How do you find the limit of `(e^x-1)^(1/lnx)` as x approaches 0?

Answer 1

`lim_(x->0^+)(e^x-1)^(1/ln(x))=e`

Explanation:

To avoid any complications in domain with regard to `ln(x)`, we will take the limit as `x->0^+`

`lim_(x->0^+)(e^x-1)^(1/ln(x))`

`=lim_(x->0^+)e^ln((e^x-1)^(1/ln(x)))`

`=lim_(x->0^+)e^(ln(e^x-1)/ln(x))`

`=e^(lim_(x->0^+)ln(e^x-1)/ln(x))`

(Because `e^x` is a continuous function, we have `lime^f(x) = e^(limf(x))`)

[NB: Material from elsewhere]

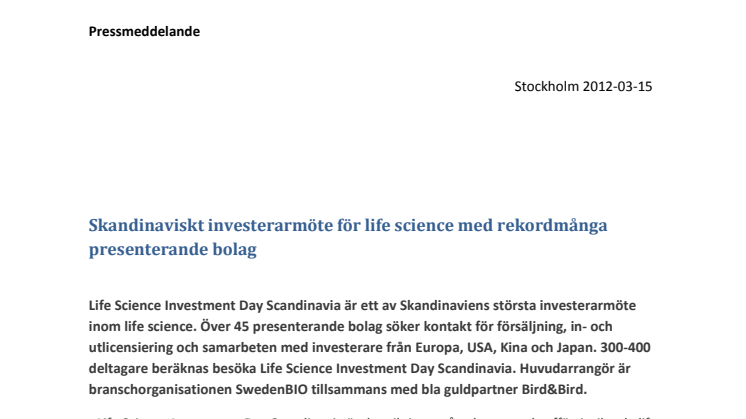 Skandinaviskt investerarmöte för life science med rekordmånga presenterande bolag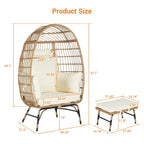 Fauteuil suspendu en rotin surdimensionné avec repose-pieds - Capacité de 272 kg (600 lb) - Coussins épais pour terrasse intérieure/extérieure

Then, it remains to evaluate `lim_(x->0^+)ln(e^x-1)/ln(x)`

As `lim_(x->0^+)ln(x)=-oo`, direct substitution leads to an `oo/oo` indeterminate form. Thus, we can apply L'Hopital's rule.

`lim_(x->0^+)ln(e^x-1)/ln(x)`

`=lim_(x->0^+)(d/dxln(e^x-1))/(d/dxln(x))`

`=lim_(x->0^+)(e^x/(e^x-1))/(1/x)`

`=lim_(x->0^+)(xe^x)/(e^x-1)`

(As this leads to a `0/0` indeterminate form, we apply L'Hopital's rule once more.)

`=lim_(x->0^+)(d/dx(xe^x))/(d/dx(e^x-1))`

`=lim_(x->0^+)(xe^x+e^x)/e^x`

`=lim_(x->0^+)(x+1)`

`=1`

Substituting back into the original problem, we find our answer:

`lim_(x->0^+)(e^x-1)^(1/ln(x))`

`=e^(lim_(x->0^+)ln(e^x-1)/ln(x))`

`=e^1`

`=e`